## Stored data
*** Block opens ***
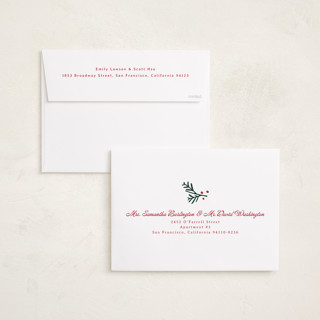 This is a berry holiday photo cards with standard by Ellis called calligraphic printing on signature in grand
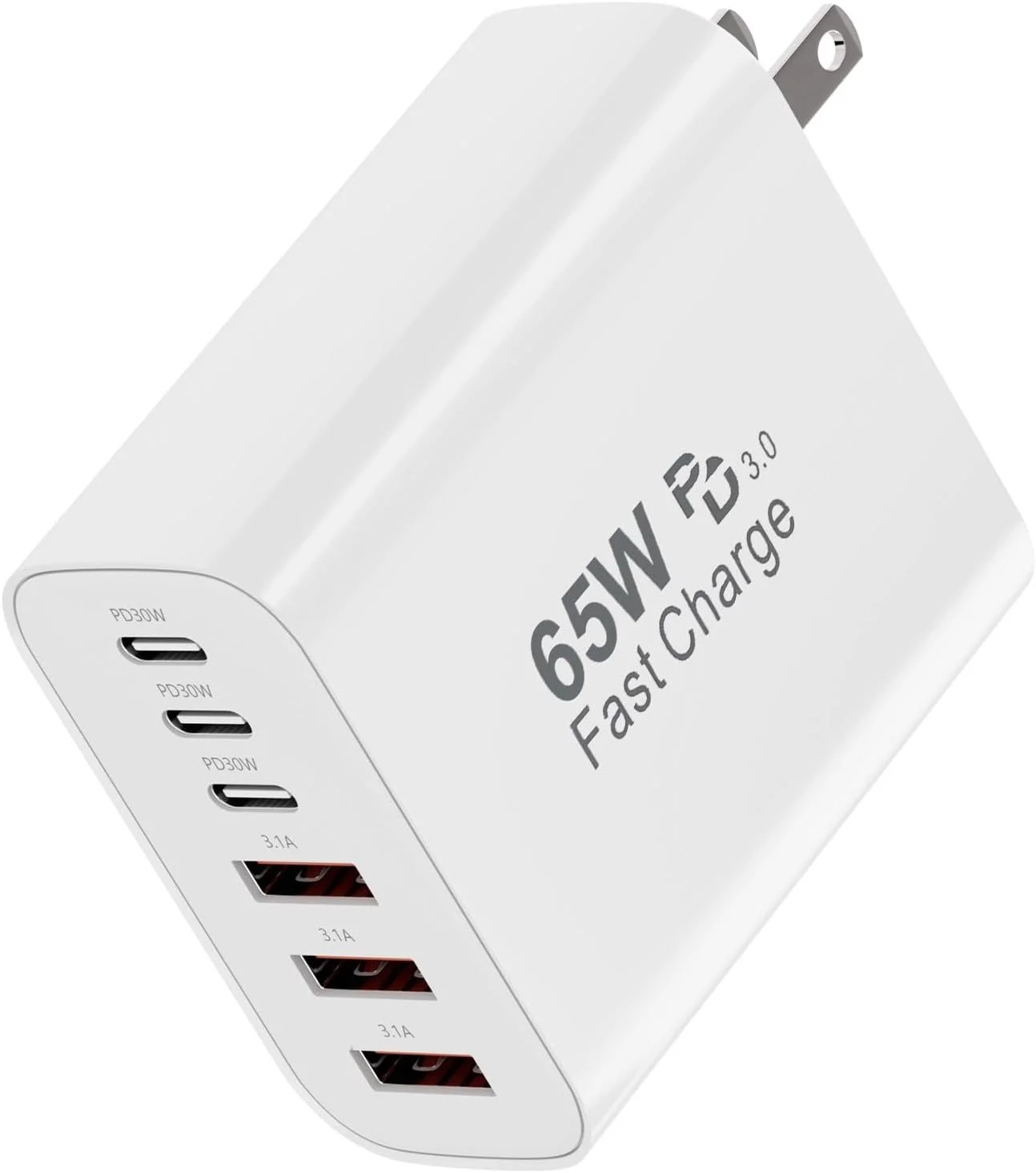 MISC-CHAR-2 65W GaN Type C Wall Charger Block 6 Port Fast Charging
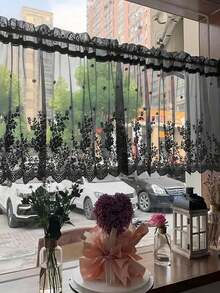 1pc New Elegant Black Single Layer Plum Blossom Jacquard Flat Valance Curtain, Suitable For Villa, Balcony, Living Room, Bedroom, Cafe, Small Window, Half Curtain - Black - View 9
*** Block closes ***
## Work required
Return the listing above unchanged, apart from dropping its pictures.

## Answer to the problem
 This is a berry holiday photo cards with standard by Ellis called calligraphic printing on signature in grand
 MISC-CHAR-2 65W GaN Type C Wall Charger Block 6 Port Fast Charging
 1pc New Elegant Black Single Layer Plum Blossom Jacquard Flat Valance Curtain, Suitable For Villa, Balcony, Living Room, Bedroom, Cafe, Small Window, Half Curtain - Black - View 9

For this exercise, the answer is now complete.